By Monique Vigneault
The roar of protest was audible from Queen’s Park on March 15 as hundreds of students skipped school to participate in a global climate change strike.
This new wave of global “school strikes” was spearheaded by Greta Thunberg, a 16-year-old Swedish high school student who stood at the steps of the Swedish parliament and held the first school strike last August.
“You say you love your children above all else and yet you are stealing their future in front of their very eyes,” Thunberg said last year in a call to world leaders.
Thunberg has since been nominated for the Nobel Peace Prize and her school walkout has sparked a global initiative. These walkouts have previously been held under the names of “Fridays for Future,” “Youth for Climate” and “Youth Strike 4 Climate.” They have been held across Canada and almost 100 other countries.
Vincent, 10, and his sister Charlotte, 13, who’d rather be referred to by first name only, skipped school to protest. Vincent says he fears that climate change will impact the planet indelibly.

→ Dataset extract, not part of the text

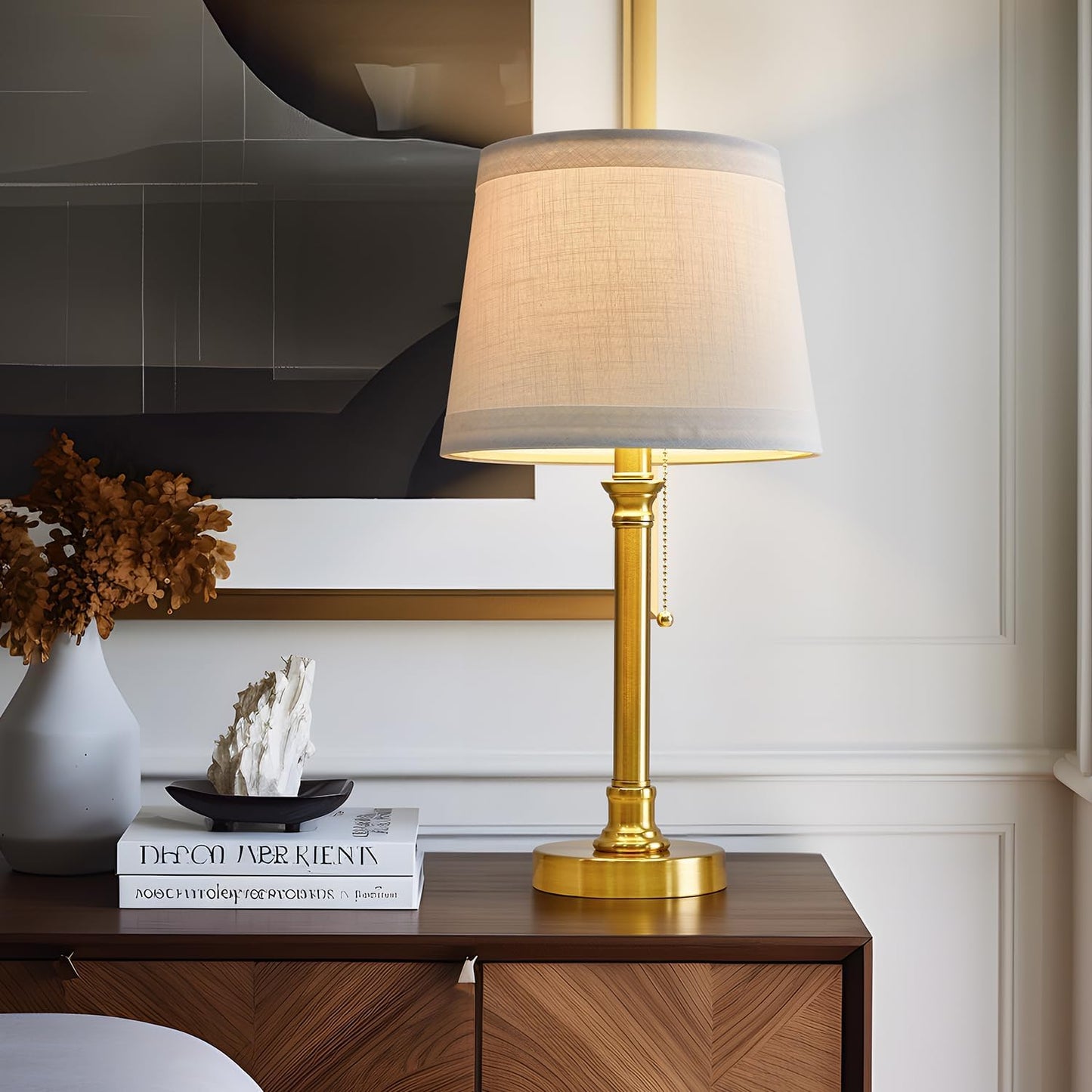 Elegant Gold Brass Table Lamp for Living Room and Bedroom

“I’m scared of the fact that like, this planet can be different than it is now; that it can be gone,” Vincent said.
Vincent said he is scared for the future of the ozone layer but proposed ways to stop its depletion.
“The one thing is right now we use rockets that shoot in space, and every year they deplete the ozone layer by 0.03 per cent,” Vincent said. “In the future, we can use things like mass drivers that only use electricity and don’t use fossil fuel.”
Some activists like 16-year-old Crimson Carvello said they hope to see more awareness on the agricultural industry’s role in climate change. He said he wants to see more control in the food industry.
“I feel like a lot of people talk about climate change but they don’t talk about the whole aspect of animal agriculture and how much it is affecting the earth.”
According to Statistics Canada, 10 per cent of Canada’s greenhouse gas emissions come from the agricultural industry. Carbon dioxide, methane and nitrous oxide are emitted from crop and livestock production.
Many veterans of the climate change movement, like John Bell, an activist from Socialist Worker, came to support the youth initiative.
“I’ve been doing climate activism for quite a while. But today specifically, I’m mostly here to shut up and listen to young people,” Bell said. “This is their day, it’s going to be their world, their problem.”
However, among other longtime activists like Rene Epacher and Dewan Afzar, who have been protesting since 2008, there’s a sentiment of pessimism over the continued lack of government action.
“We hope that they’re going to do something but personally I think it may be too late. We’re trying to do what we can do, but we don’t have any help from the governments. Now it’s time for the young,” Epacher said.
Epachier said he continues to rally in hopes for “the future of the species and the future of mankind.”